# TASK DETAILS
Look through the data below for the line with "Long Shackle Smart" and the line with "Philippinen-Flagge Runder Aufkleber", then transcribe exactly from the first through the second, leaving out all pictures.

# RECORDS FOR THE EXERCISE
- - - -

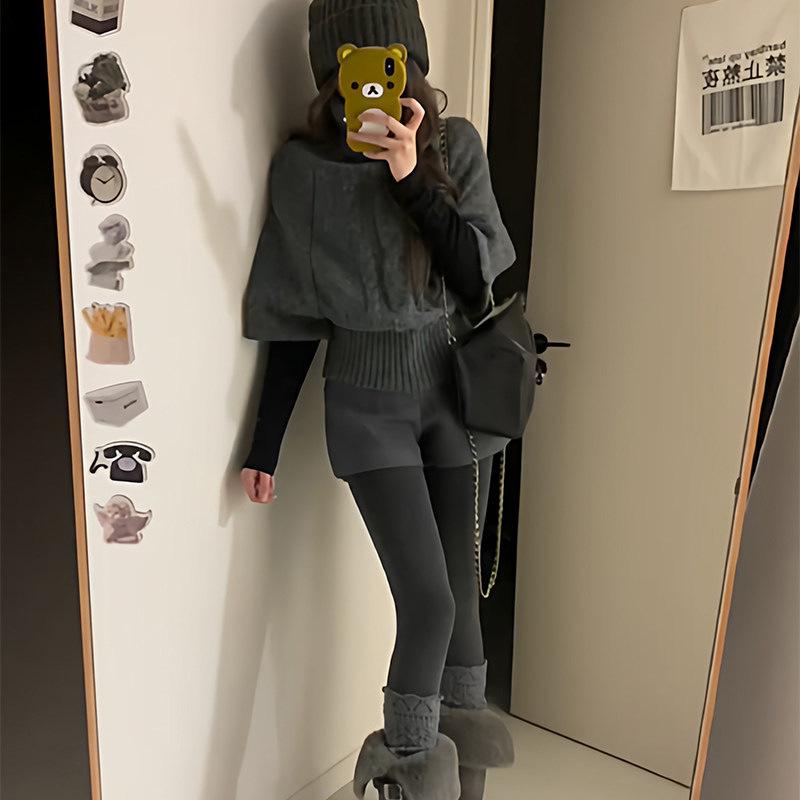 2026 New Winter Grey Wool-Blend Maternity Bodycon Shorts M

- - - -

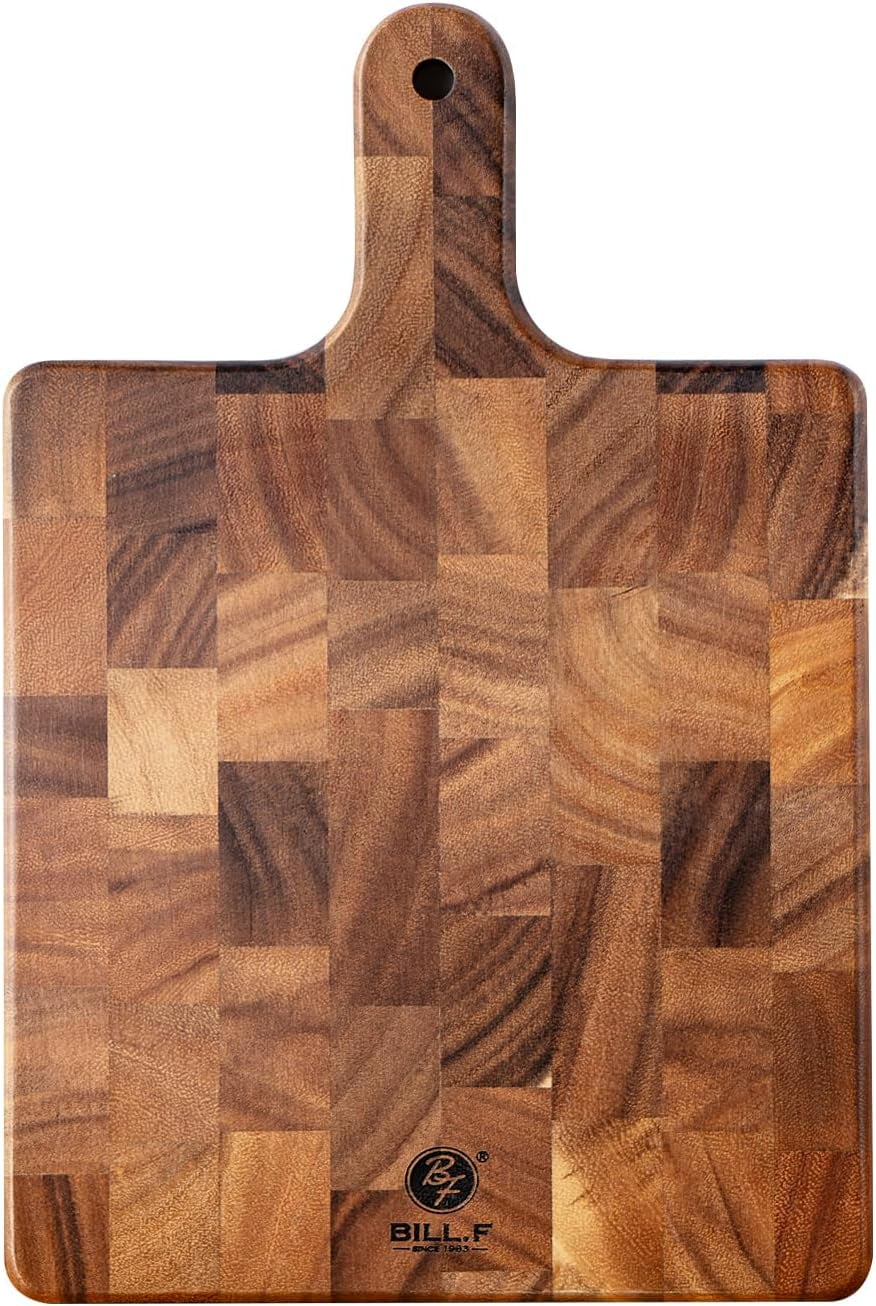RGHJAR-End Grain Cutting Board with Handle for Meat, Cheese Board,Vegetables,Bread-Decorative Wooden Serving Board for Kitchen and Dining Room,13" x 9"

- - - -

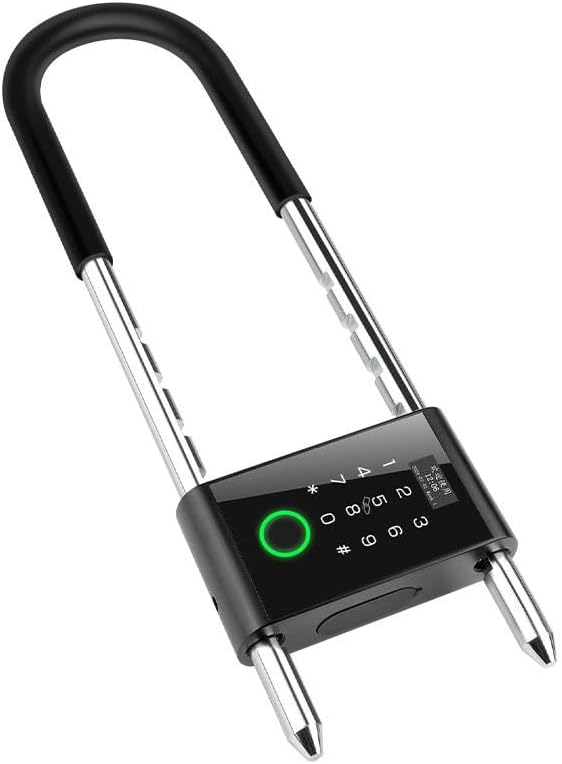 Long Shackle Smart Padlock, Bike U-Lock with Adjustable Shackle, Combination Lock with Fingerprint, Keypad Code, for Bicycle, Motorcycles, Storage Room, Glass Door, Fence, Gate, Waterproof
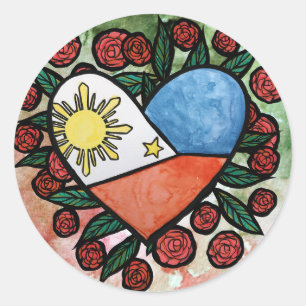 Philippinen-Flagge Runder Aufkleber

- - - -

# ANSWER BOX
 Long Shackle Smart Padlock, Bike U-Lock with Adjustable Shackle, Combination Lock with Fingerprint, Keypad Code, for Bicycle, Motorcycles, Storage Room, Glass Door, Fence, Gate, Waterproof
 Philippinen-Flagge Runder Aufkleber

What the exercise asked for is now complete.